Turning to the east, Kinga led us down the hill farther into the valley. We saw a handful of nesting cranes here and there, sometimes among the grazing livestock. It seems the livestock isn’t helping the health of the valley’s low-lying wetlands — eating the grasses and trammeling paths across the habitat of the black-necked cranes.
We made one last stop before departing the valley at the Black-necked Crane Information Centre. A resident nearby opened it upon our arrival — that day we were the only tourists as far as the eye could see. It’s an impressive center with lots of information about the cranes, a viewing room and two high-powered telescopes which enable you to see nesting groups far up the hillside near the base of the treeline. So far this year they had counted over 300 cranes in the valley.
We walked outside for one last view before departing Phobjikha Valley. It isn’t often that I visit a place and become aware of the absence of something, but the absence of noise in Bhutan is noticeable.
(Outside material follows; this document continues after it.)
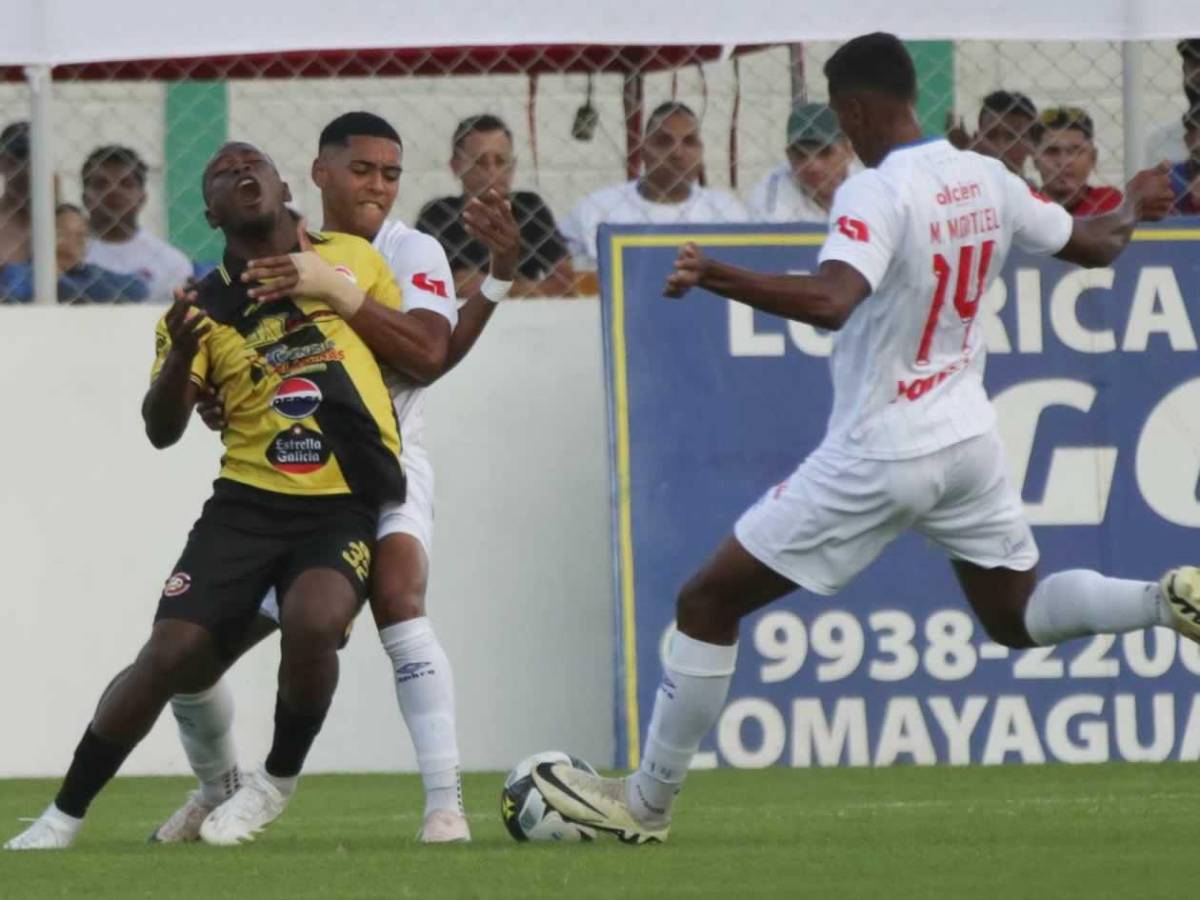 No se vio del Génesis vs Olimpia: bronca, risas, polémica y linda mamá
It is such a quiet country. There was no noise overhead — no engines buzzing as aircraft and people fly from one place to another. There was little noise on the ground — just a handful of roads have few cars and trucks compared to anywhere else in the world. There was no raucous nightlife or 24/7 need for convenience that drives this society into the wee hours of the morning. People sleep, wake and live like the rest of us used to. Yes, the Bhutanese have mobile phones, computers and televisions, but they’ve somehow managed to keep out the peripheral madness that often accompanies these advances. In many ways Bhutan seems to have astutely watched and learned from the rest of the world — taking what works (organic farming, conservation, regulated tourism, democratic voting with over 80% voter turnout) and discarding what doesn’t. Bhutan is very wisely marching to its own drum, making beautiful music in the process.